Mar 12, 2025 - 15:51
 0
Processing Invoices with AWS Textract

As more and more companies digitize, a need for Intelligent Document Processing (IDP) has emerged. Transactions and payments are a part of almost every business. Here we present a minimal IDP processing system using Textract and A2I.

IDP HLD

Amazon Textract is a managed AWS service that specializes in text detection and analysis. It has several specialized APIs for different text tasks including, among others:

  • Detecting Text
  • Analyzing Documents
  • Analyzing Expense/Invoice
  • Analyzing IDs
  • Analyzing Lending

Textract Features:

  • Supported text format: detects typed and handwritten text

  • Supported Modes: synchronous calls and asynchronous calls.

  • Supported Languages: English, Spanish, German, Italian, French, and Portuguese.

  • Supported File Formats: PDF, TIFF, JPEG, and PNG for synchronous. Only PDF and TIFF for Asynchronous.

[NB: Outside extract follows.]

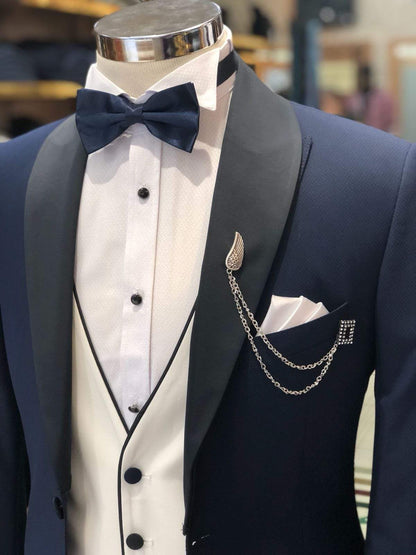 Slim-Fit Navy-Blue Tuxedo Suit for Elegant Occasions
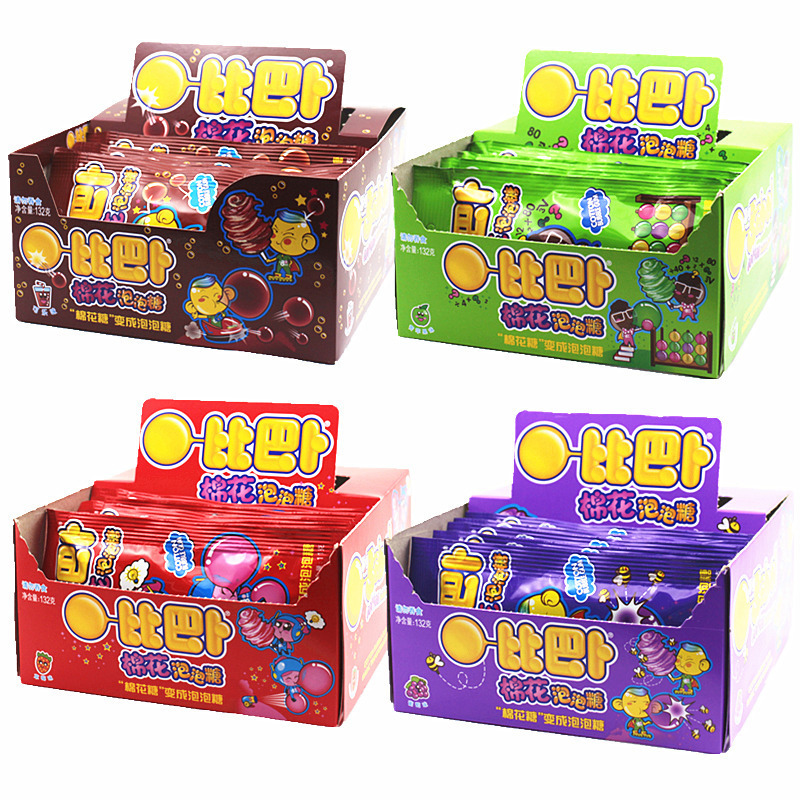 Bibab cotton bubble gum 11g * 12 bags whole box of fruit candy bubble gum soft candy children snack wholesale Bibab cotton bubble gum 11g * 12 bags whole box of fruit candy bubble gum soft candy children snack wholesale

  • Fine Tuning & Customization: Textract can be fine tuned to fit specific needs by adding adapters. Adapters are components that plug into the Amazon Textract pre-trained deep learning model, customizing its output for your business specific documents. You create an adapter for your specific use case by annotating/labeling your sample documents and training the adapter on the annotated samples.

  • Input Resolution: ideally at least 150 DPI. The minimum height for text to be detected is 15 pixels. At 150 DPI, this would be the same as 8 point font.

Synchronous vs Asynchronous processing:

Textract has 2 processing modes: synchronous and Asynchronous.

Synchronous processing:

  • ONLY single page documents supported (latency critical).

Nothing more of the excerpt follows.